◆ SUPPLIED MATERIAL:
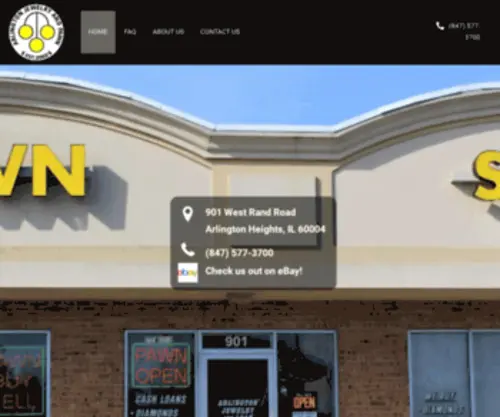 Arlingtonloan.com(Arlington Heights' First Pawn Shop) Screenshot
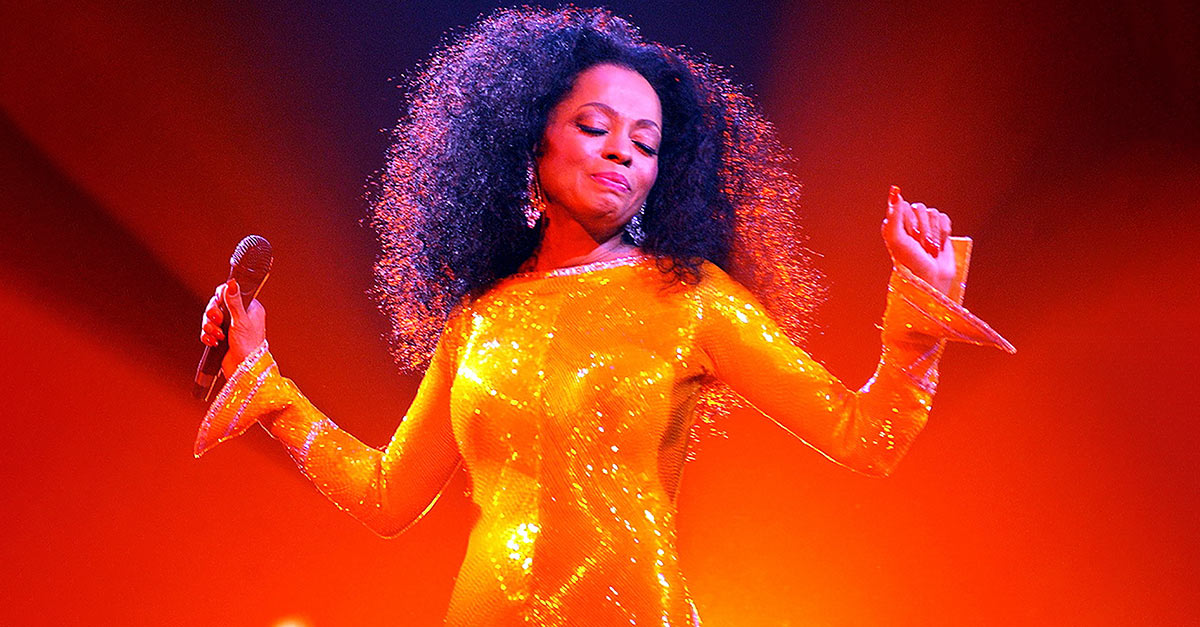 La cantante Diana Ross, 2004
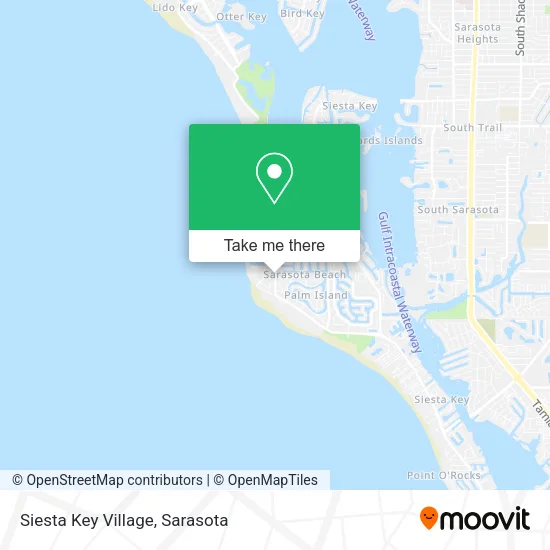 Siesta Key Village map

◆ ASSIGNMENT: Copy the listing above exactly, minus the pictures.

◆ TASK RESPONSE:
 Arlingtonloan.com(Arlington Heights' First Pawn Shop) Screenshot
 La cantante Diana Ross, 2004
 Siesta Key Village map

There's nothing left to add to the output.